● Information shown
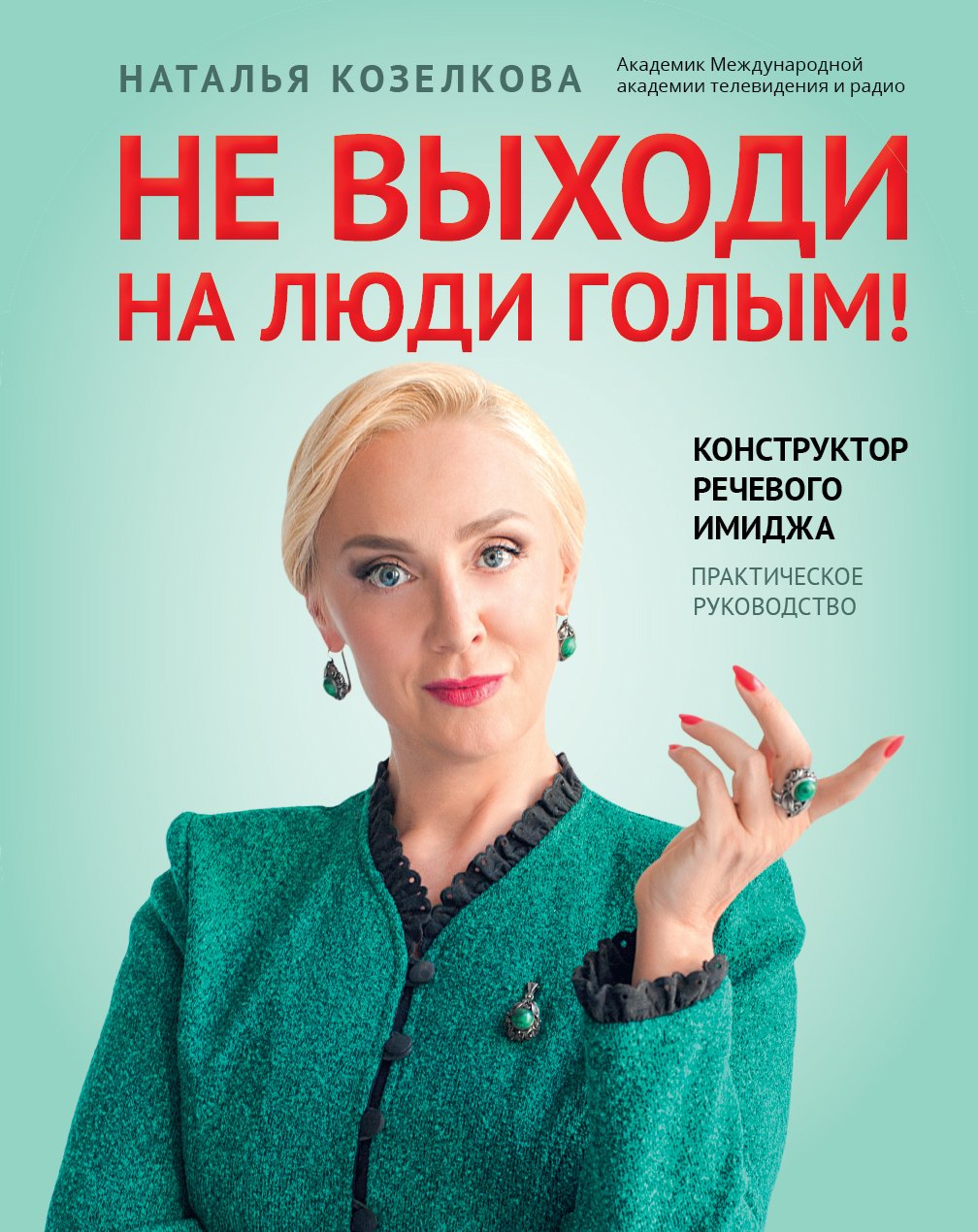 

Не выходи на люди голым!: конструктор речевого имиджа: практическое руководство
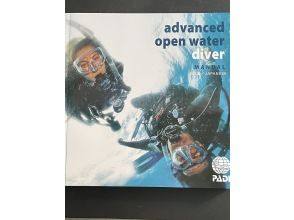 "Super Summer Sale 2024" [Departing from Osaka Umeda] PADI Advanced Open Water Diver Course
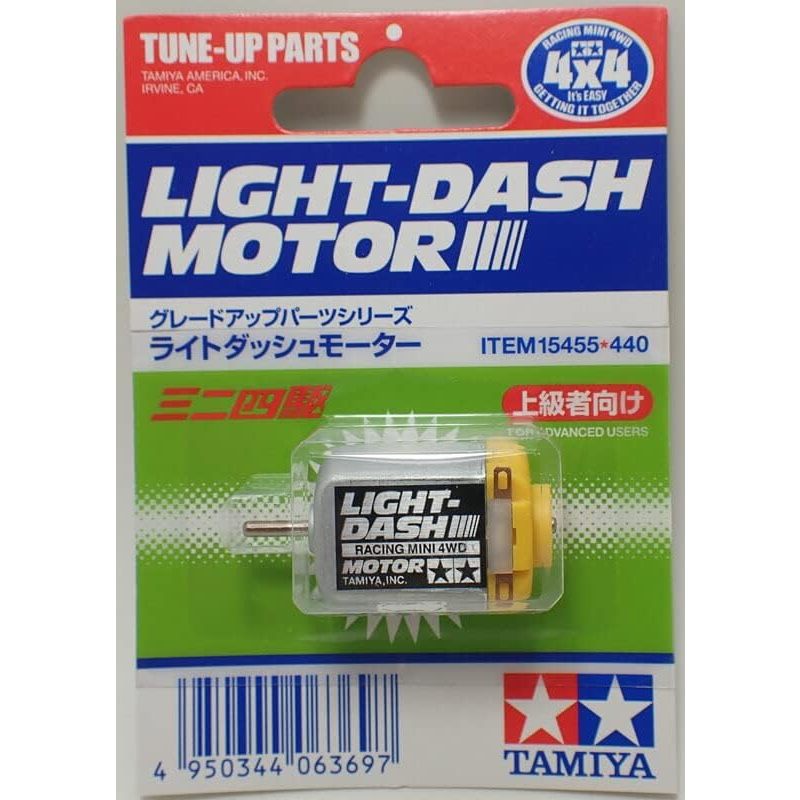 มอเตอร์ "ไลท์แดช" Tamiya 15455 – Light Dash Motor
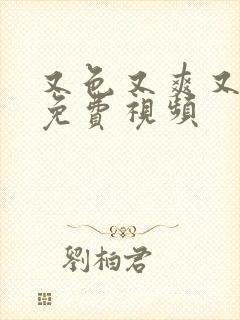 又色又爽又黄的免费视频封面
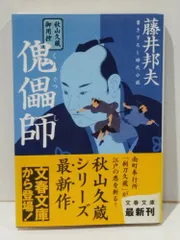 秋山久蔵御用控 １４ 傀儡師 (文春文庫 ふ 30-5)　藤井 邦夫　(250618mt)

● Task prompt
Each line of the data above must be repeated exactly, images excluded.

● Answer for the task
Не выходи на люди голым!: конструктор речевого имиджа: практическое руководство
 "Super Summer Sale 2024" [Departing from Osaka Umeda] PADI Advanced Open Water Diver Course
 มอเตอร์ "ไลท์แดช" Tamiya 15455 – Light Dash Motor
 又色又爽又黄的免费视频封面
 秋山久蔵御用控 １４ 傀儡師 (文春文庫 ふ 30-5)　藤井 邦夫　(250618mt)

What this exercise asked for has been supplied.